Praia privada na França de um rei
28-08-2015 - Vilma Fuentes*
O rei é um cliente que pode comprar milhares de armas ou os famosos aviões Mirage, tão difíceis de vender. Por que não lhe ceder um pedaço do país?
Em princípio, na França não existem praias privadas. O litoral deve ser acessível a todos os cidadãos. O acesso ao mar é um direito inviolável e tão legítimo quanto o direito de respirar: algo que ninguém poderia ter a pretensão de reservar a exclusividade.
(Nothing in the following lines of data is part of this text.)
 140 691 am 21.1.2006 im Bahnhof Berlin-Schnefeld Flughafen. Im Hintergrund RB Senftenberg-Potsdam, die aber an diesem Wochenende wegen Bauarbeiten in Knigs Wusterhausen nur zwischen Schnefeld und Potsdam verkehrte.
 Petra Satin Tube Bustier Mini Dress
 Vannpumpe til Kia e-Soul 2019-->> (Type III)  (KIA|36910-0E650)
No sul da França, nas costas do Mediterrâneo, uma pequena cidade chamada Vallauris Golfe-Jean, bastante conhecida pelos artistas porque Picasso tinha ali um dos seus ateliês de cerâmica, tem dado o que falar neste mês de Agosto, por razões bem diferentes. Acontece que uma estação balneária de Golfe-Jean, onde existe uma praia minúscula, a Mirandole, apreciada por aqueles que preferem seu encanto e tranquilidade, longe dos inconvenientes daquelas praias onde o que eles chamam de “gente diferenciada” se precipita durante as férias de verão.
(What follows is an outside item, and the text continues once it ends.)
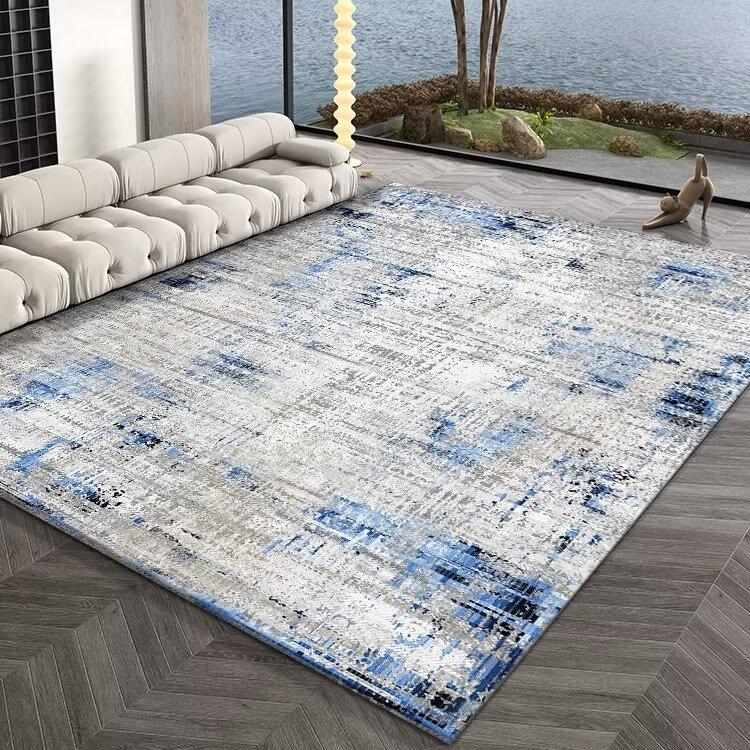 Modern Carpet for Living Room Abstract Large Area Plush Rugs Bedroom Decor Bedside Carpet Washable Non-slip Floor Mat Lounge Rug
Bem perto da praia de Mirandole, uma propriedade palaciana, no alto de um penhasco, domina a pequena praia, cujos encantos e tranquilidade também devem ser amplamente apreciados pelo dono da luxuosa mansão. Tudo isso parece normal. O fato menos ordinário é que o feliz proprietário se chama Salman ben Abdelaziz Al Saoud, o rei de Arábia Saudita.
Não se trata de um turista qualquer, mas sim de um mais importante que os chamados VIP, que por si já possuem seus benefícios particulares. Este proprietário goza também do status de chefe de Estado. Um augusto personagem que possui suas tradições, seus hábitos e suas leis. Começou proibindo o acesso à praia para qualquer pessoa que não esteja a seu serviço, transformando-a numa praia privada, ao menos durante suas estadias. Em segundo lugar, por construir um elevador para seu uso pessoal, a fim de descer até a areia sem esforço, e subir com a mesma comodidade. Finalmente, os serviços de segurança foram reforçados pelo governo francês, já que se trata de um chefe de Estado: uma agente francesa, membro desses serviços, foi expulsa do distrito, porque era impensável que alguém do sexo feminino pudesse olhar os homens quando eles estão mais à vontade. Em suma, na França, nessa pequena parte do território, numa vila privada, sem estatuto de embaixada, numa simples residência de veraneio, foram impostas as leis da Arábia Saudita.
Logo surgiu uma carta de protesto, que rapidamente reuniu mais de 150 mil assinaturas de cidadãos indignados, se opondo à privatização desse espaço público e contra o abuso de poder ali presente. É aí que as cosas se complicam. O rei não é só um chefe de Estado, qualidade que lhe outorga uma protecção policial excepcional. É um monarca acompanhado de toda uma delegação, mais de mil pessoas instaladas nos hotéis de luxo da região: excelentes clientes, que gastam fortunas em compras de todo tipo. Uma verdadeira fonte de benefícios constantes e ressoantes. Os comerciantes não apoiaram a iniciativa dos que protestaram, e é compreensível.
Uma disputa de interesses em conflitos, ou talvez em confronto. Os comerciantes renovaram suas boutiques para acolher os ricos e gastadores clientes com os braços abertos, sonhando com lucros inimagináveis, o Estado francês deseja abrir ainda mais os seus braços: Arábia Saudita é um interlocutor que não pode ser tratado como um qualquer. É um cliente que pode comprar milhares de armas ou os famosos aviões Mirage, tão difíceis de vender. Pedidos entre Estados que se cifram em bilhões. Portanto, não é oportuno mexer com as sensibilidades de um monarca pouco acostumado a se sentir contrariado.
Após uma semana, o rei se foi da França de repente. Sem explicações. Se irritou? Vai regressar? Até onde os princípios da República poderão resistir aos interesses superiores das finanças? São perguntas que os franceses se fazem, diante desse caso. Assim como as fazem outras democracias, quando devem negociar com países, digamos, menos democráticos.
* Jornalista e escritora. Em 1969, passou a integrar o Centro Mexicano de Escritores, frequentado por grandes figuras da literatura mexicana, como Juan Rulfo e Salvador Elizondo. Desde 1975, vive em Paris, onde trabalha como correspondente para a imprensa escrita e audiovisual. Colabora actualmente com o periódico La Jornada.